Kinetic equation & energyPV = ⅓ m N c̄²
average K.E. = (3/2) kT (per molecule)
10 — Temperature & molecular speed
Because average K.E. ∝ T, raising the temperature makes the molecules move faster and strike the walls harder and more often — so pressure rises (at fixed V).
Root-mean-square speedc_rms = √(3RT / M)
At the same T, lighter molecules move faster (this is why H₂ diffuses fastest) — but all gases have the same average kinetic energy.
11 — Real gases & deviation from ideal behaviour
Real gases obey PV = nRT only at low pressure and high temperature. They deviate because two KMT assumptions fail:
- Molecules do have a finite volume (matters at high pressure).
- Molecules do attract each other (matters at low temperature / high pressure).
van der Waals equation(P + an²/V²)(V − nb) = nRT
a corrects for intermolecular attraction; b corrects for molecular volume.
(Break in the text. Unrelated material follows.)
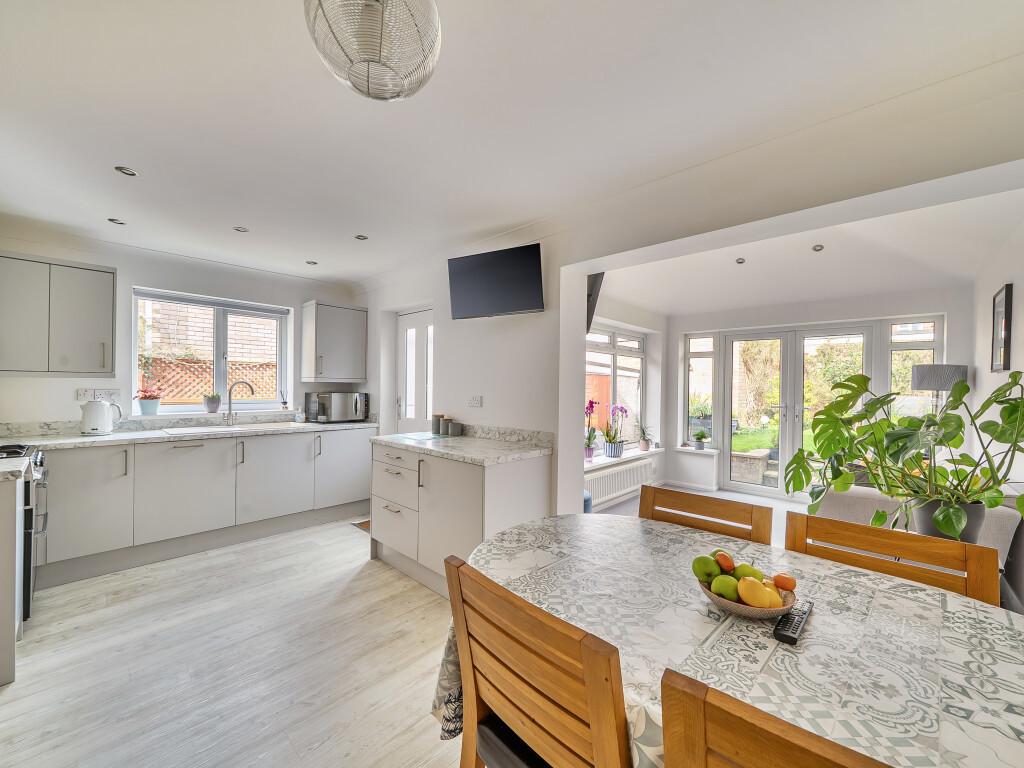 1429274-10-69b2bd...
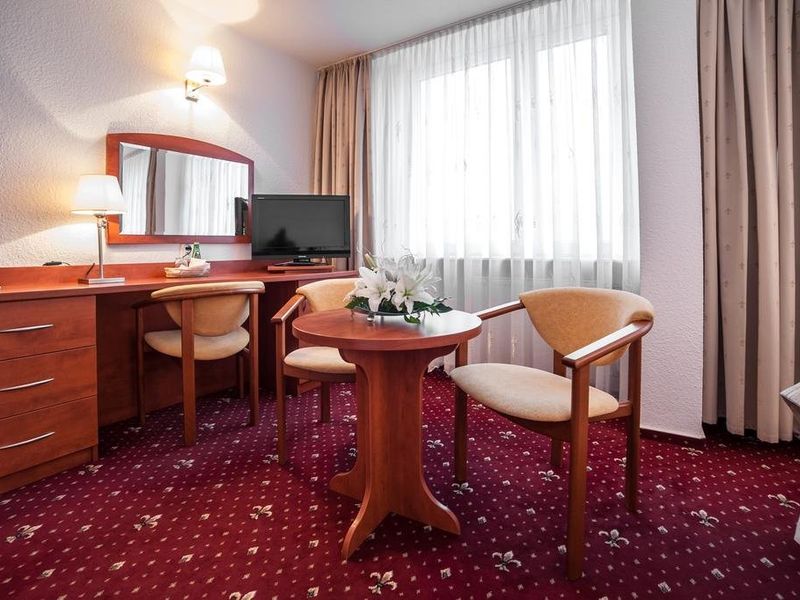 Hotel Photo 6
12 — Liquefaction of gases
A gas can be turned to liquid by cooling (reducing K.E.) and compressing (bringing molecules close so attractions act).
- Critical temperature (Tc) — the temperature above which a gas cannot be liquefied by pressure alone, however great. CO₂ Tc = 31 °C.
13 — Worked numericals
combined gas law
2 dm³ at 1 atm, 273 K → volume at 2 atm, 546 K?
V₂ = V₁ (P₁/P₂)(T₂/T₁) = 2 × (1/2) × (546/273) = 2 dm³
molar mass from PV=nRT
0.5 g of a gas occupies 0.4 dm³ at 1 atm, 300 K. Find M.
n = PV/RT = (1×0.4)/(0.0821×300) = 0.01624 mol
M = mass/n = 0.5/0.01624 = ≈ 30.8 g/mol
partial pressure
2 mol N₂ + 3 mol O₂ at total 5 atm. Partial pressure of O₂?
x_O₂ = 3/5 = 0.6 → P_O₂ = 0.6 × 5 = 3 atm
14 — Exam recap
- Properties of gases; pressure & its units; STP.
- Boyle's (PV=k), Charles's (V/T=k), Gay-Lussac's, Avogadro's laws.
- Ideal-gas equation PV = nRT and the combined gas law.
- Dalton's law of partial pressures; Graham's law (rate ∝ 1/√M).
- KMT postulates; K.E. ∝ T; c_rms.
- Real gases, van der Waals, critical temperature.